Modified Gravity with Nonminimal Curvature-Matter Couplings: A Framework for Gravitationally Induced Particle Creation

TL;DR

This paper explores modified gravity theories with nonminimal curvature-matter couplings, proposing a framework where gravitationally induced particle creation can explain late-time cosmic acceleration and satisfy thermodynamic laws.

Contribution

It develops a scalar-tensor formulation to derive particle creation rates and demonstrates how this process can drive acceleration without a cosmological constant.

Findings

Irreversible particle creation can induce late-time de Sitter acceleration.

Total entropy increases monotonically, satisfying the generalized second law.

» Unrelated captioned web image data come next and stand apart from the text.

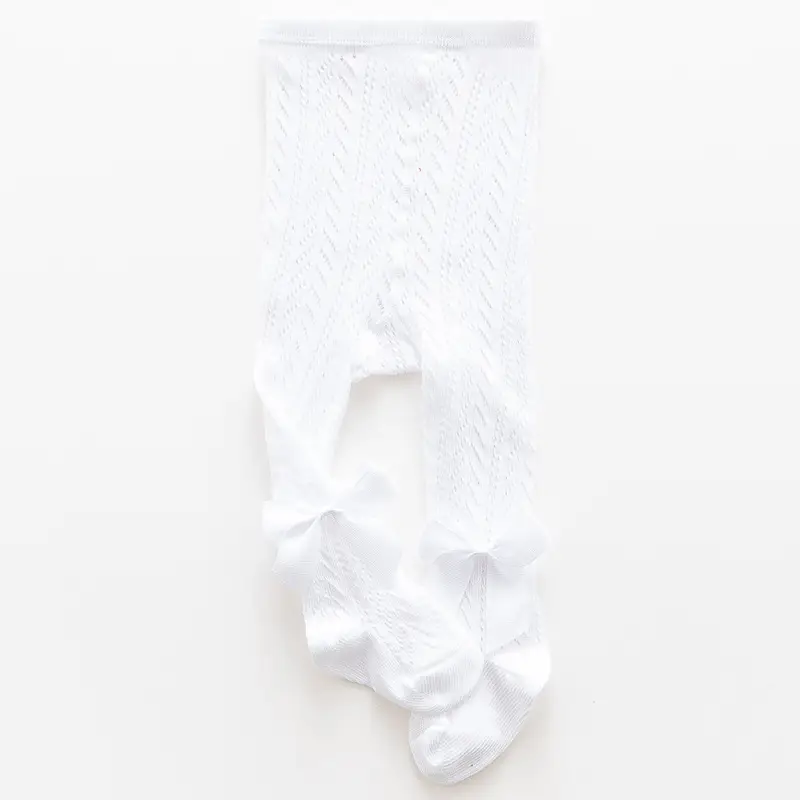 Baby Lace Bow Pantyhose One Year Old - Image 6
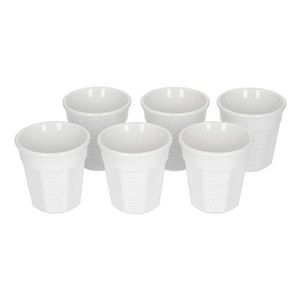 6 espreso puodelių rinkinys BIALETTI BICCHIERINI Porcelianas 6x 60 ml Balta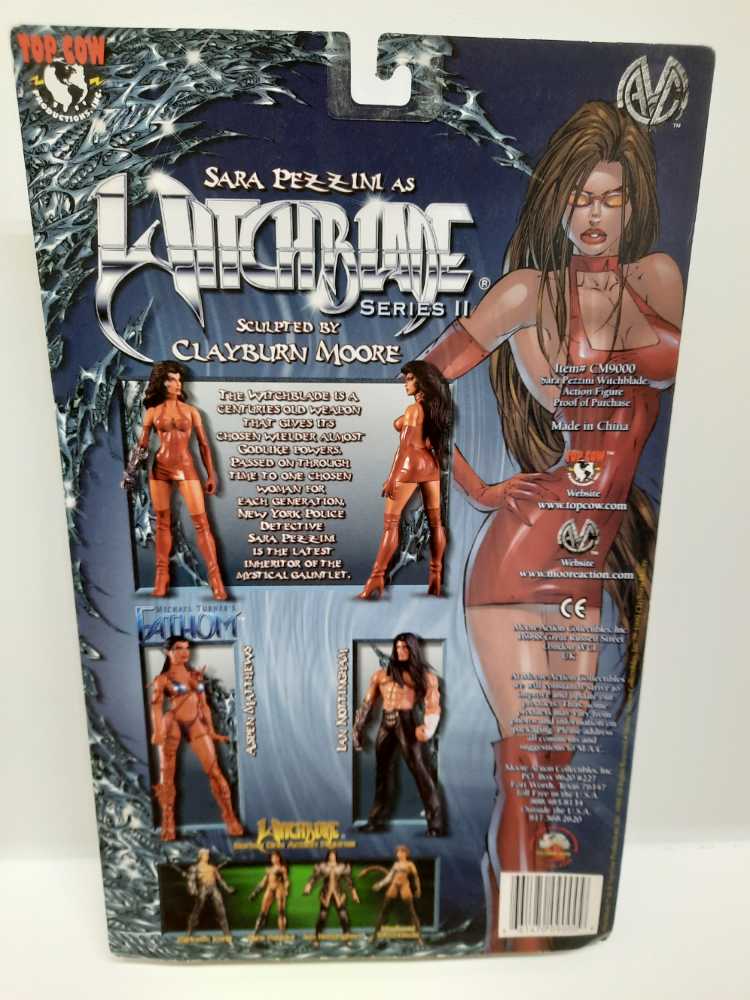 Witchblade (Red Dress)  (Moore Action Collectibles: 6”) action figure collectible - Main Image 2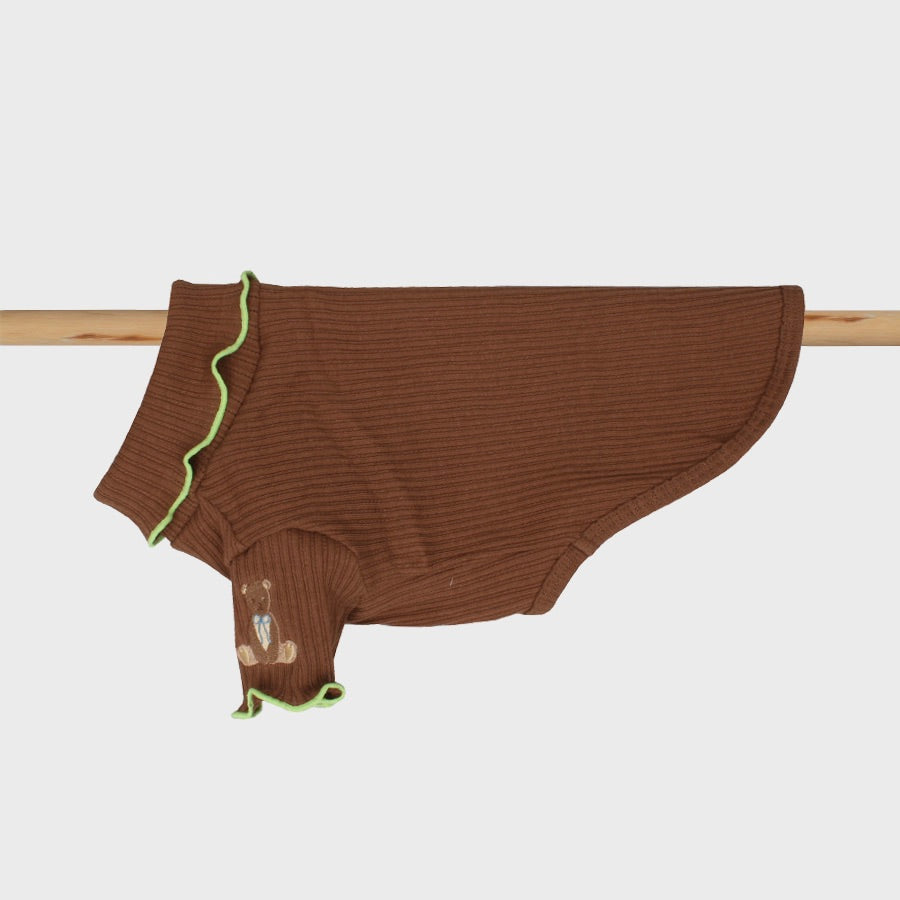 即納【OOPS! MY DOG】My Teddy Knit T（Brown）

The framework constrains particle production dynamics consistent with thermodynamics.

Abstract

Modified gravity theories with a nonminimal coupling between curvature and matter offer a compelling alternative to dark energy and dark matter by introducing an explicit interaction between matter and curvature invariants. Two of the main consequences of such an interaction are the emergence of an additional force and the non-conservation of the energy--momentum tensor, which can be interpreted as an energy exchange between matter and geometry. By adopting this interpretation, one can then take advantage of many different approaches in order to investigate the phenomenon of gravitationally induced particle creation. One of these approaches relies on the so-called irreversible thermodynamics of open systems formalism. By considering the scalar--tensor formulation of one of these theories, we derive the corresponding particle creation rate, creation pressure, and entropy production, demonstrating that irreversible particle creation can drive a late-time de Sitter acceleration through a negative creation pressure, providing a natural alternative to the cosmological constant. Furthermore, we demonstrate that the generalized second law of thermodynamics holds: the total entropy, from both the apparent horizon and enclosed matter, increases monotonically and saturates in the de Sitter phase, imposing constraints on the allowed particle production dynamics. Furthermore, we present brief reviews of other theoretical descriptions of matter creation processes. Specifically, we consider approaches based on the Boltzmann equation and quantum-based aspects and discuss the generalization of the Klein--Gordon equation, as well as the problem of its quantization in time-varying gravitational fields.